## EXERCISE
Search the listing below for the line with "Hello, my name", then write out that line and every one after it exactly, without the pictures.

## MATERIAL PROVIDED
= = = =
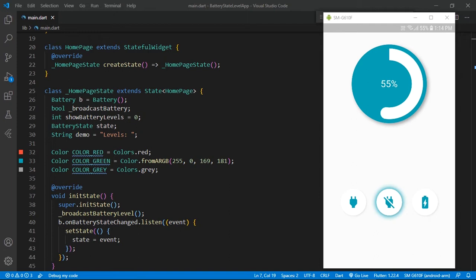When I uploaded that video, a subscriber commented asking me to please provide a video on how to handle battery level speed and how to show it in a progress bar. The Flutter battery plugin does not yet provide any listener to get battery levels — they only provided a battery state change listener to get battery status like charging, discharging, or full.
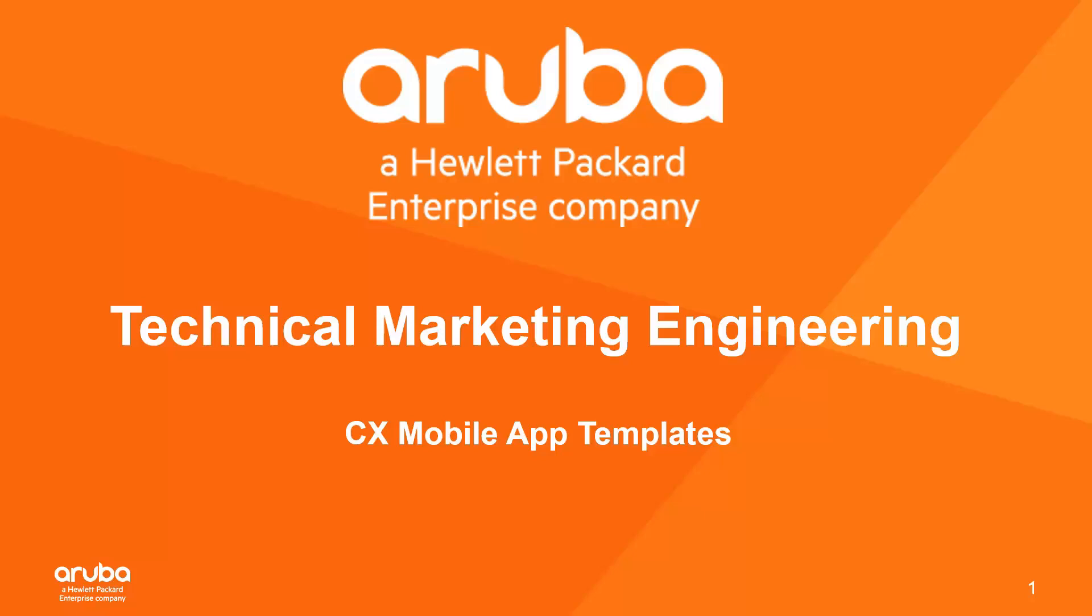Hello, my name is Clarence Hillard and in today's video we're going to go over how to import and create your own templates utilizing the CX mobile app.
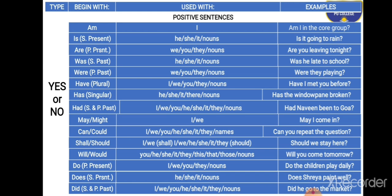Finally, 'did'. 'Did' can be used with both singular and plural subjects in the past tense. The words that go with 'did' are: I, we, you, he, she, it, they, and nouns. Examples: 'Did he go to the market?', 'Did we commit an error?'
= = = =
## TASK RESULT
Hello, my name is Clarence Hillard and in today's video we're going to go over how to import and create your own templates utilizing the CX mobile app.
Finally, 'did'. 'Did' can be used with both singular and plural subjects in the past tense. The words that go with 'did' are: I, we, you, he, she, it, they, and nouns. Examples: 'Did he go to the market?', 'Did we commit an error?'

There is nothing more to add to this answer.